Do you choose the ethical or sustainable alternative as often as you can? It feels good making a purchase that helps people or the planet. But do you choose things that aren’t? I mean, do you choose a product based on the fact that it isn’t ethical? Or do you choose it because you like it, it’s cheap etc?
i.e. You ignore the ethics or sustainability of the product?
Obviously, there are schemes out there such as Fairtrade (who do great work) that tell you if something is ethical. But these schemes are like a switch. You either are or you aren’t part of it. What if a business was trying to be ethical, but wasn’t quite there yet? Or what if they ignored ethics entirely?

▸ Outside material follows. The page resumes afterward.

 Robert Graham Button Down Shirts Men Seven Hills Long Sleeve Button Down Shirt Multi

If you were buying an appliance in the UK, would you choose the product that was the least energy efficient? No, of course not. It’s difficult to even buy an appliance that isn’t highly rated for energy efficiency because it’s what consumers want.

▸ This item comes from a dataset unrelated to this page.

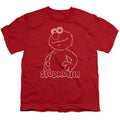 Sesame Street Studmuffin Youth/Toddler T-Shirt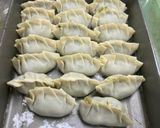 抹茶餃子作り方7写真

There are many stories about brands that say they have Corporate Social Responsibility (CSR), but then we hear about them using child labour or factories that collapse on their workers, or used factories that forced pregnant workers to get abortions, or confiscating migrant workers’ passports, unsafe working conditions, sweatshops, etc. They apologise, say they ‘will do better next time’ and then it happens again. And again.
Often products are outsourced, then that company outsources, and the chain of custody is difficult to trace. That doesn’t let the corporations off the hook. The issue is that they squeeze the supply chain for all it’s worth, forcing them to cut costs.

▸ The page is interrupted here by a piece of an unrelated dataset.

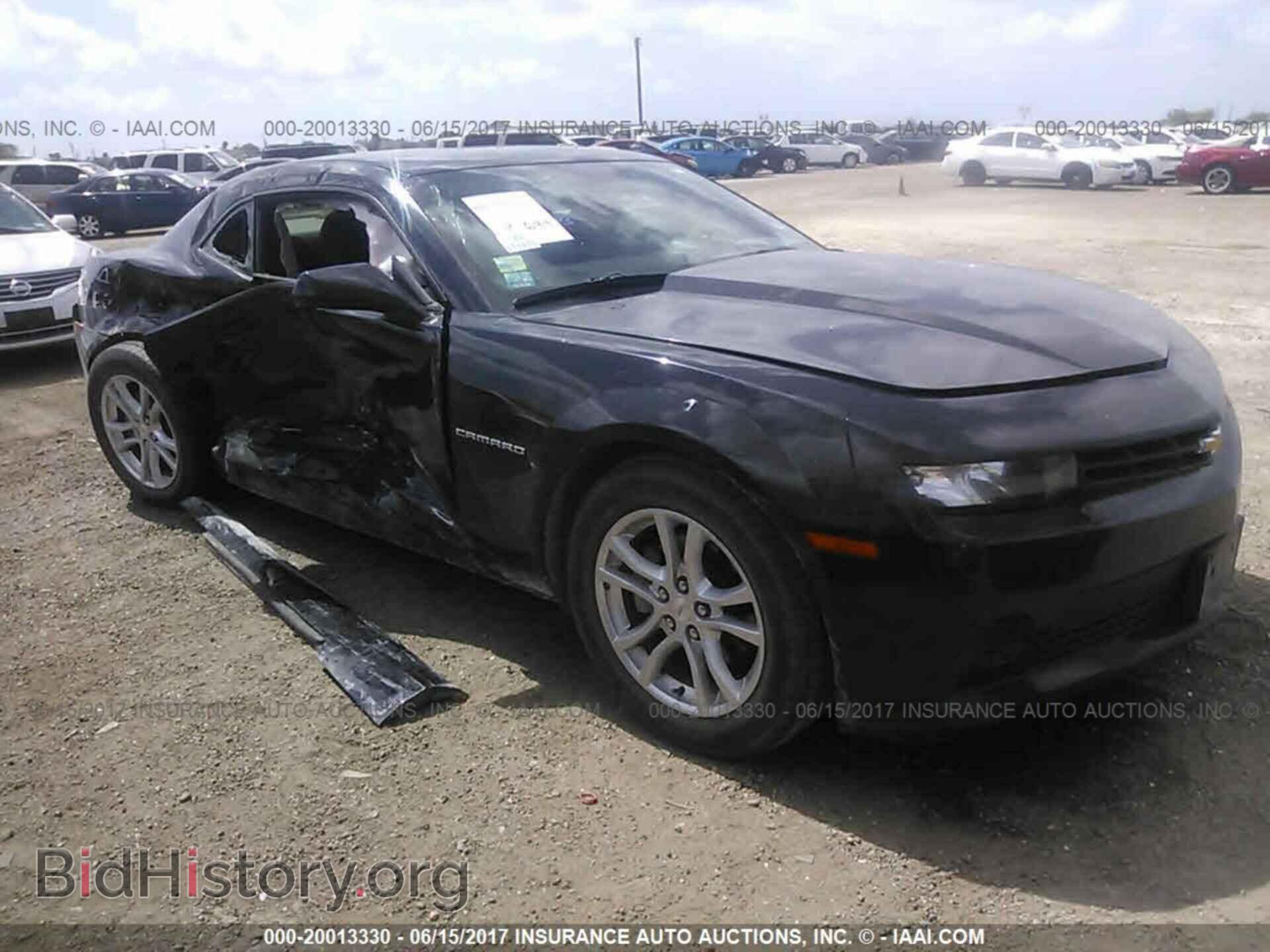 Фотография 2G1FA1E33E9278641 - Chevrolet Camaro 2014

But most of this goes unnoticed. You buy the new things in ignorance of how they’re made. It’s a bit like how much energy our appliances use. Unless we have access to the proper information, it’s difficult to make a choice. Imagine if we had no idea how much MPG our cars did and the only way of knowing was to work it out ourselves? Has food labelling changed your behaviour? Do you choose products because they have more salt in them or more calories?
The fact is that our cars are getting better mileage because we demand it, based on the information we have (OK, VW, you have a lot of answer for on this one).
The fact is that food labelling changes our behaviour in buying food. Clearly presented facts help people make informed decisions. Sales of organic and healthy foods are rising. Organic sales rose 4.9% in the UK in 2015. Non-organic sales dropped by 0.9%.
Imagine, for a moment, that food had no ingredients or nutrition labelling. Imagine you were buying a soup. Do you think that:
A. The maker would make it as healthy as possible, with low sugar and salt and no additives despite no-one knowing what was in it?
B. They would make it as tasty as possible using the cheapest ingredients and additives to maximise profits because no one knows what’s in it?
Aren’t we doing this with ethics? On nearly everything we buy, we get little, if any information. Was it made by children? Were people paid a proper wage to live on and have a life? Was it made in a factory where 150 workers threatened to commit mass suicide based on their working conditions? Was it made by forced labour or in a sweatshop?
Isn’t it time to make ethics visible?
What if we labelled what wasn’t ethical?
What if you bought jeans with a label stating ‘We can’t guarantee that child labour wasn’t used in making this product’.
Or a computer where the label states ‘We can’t guarantee the people making this weren’t paid enough to live on’.
Or food with a label with ‘we can’t guarantee that pesticides that kill bees weren’t used in making this product’ on it?
What if brands had to do something like this for example?:
A study suggested the policy of using graphic pictures of what smoking can do to your body in Canada cut smoking rates by between 12% and 20% from 2000 to 2009. They helped consumers see the consequences of their purchase.
Once we know the human cost of cheap goods or excessive profits, can consumers change the world?
How can we give consumers that power and should we?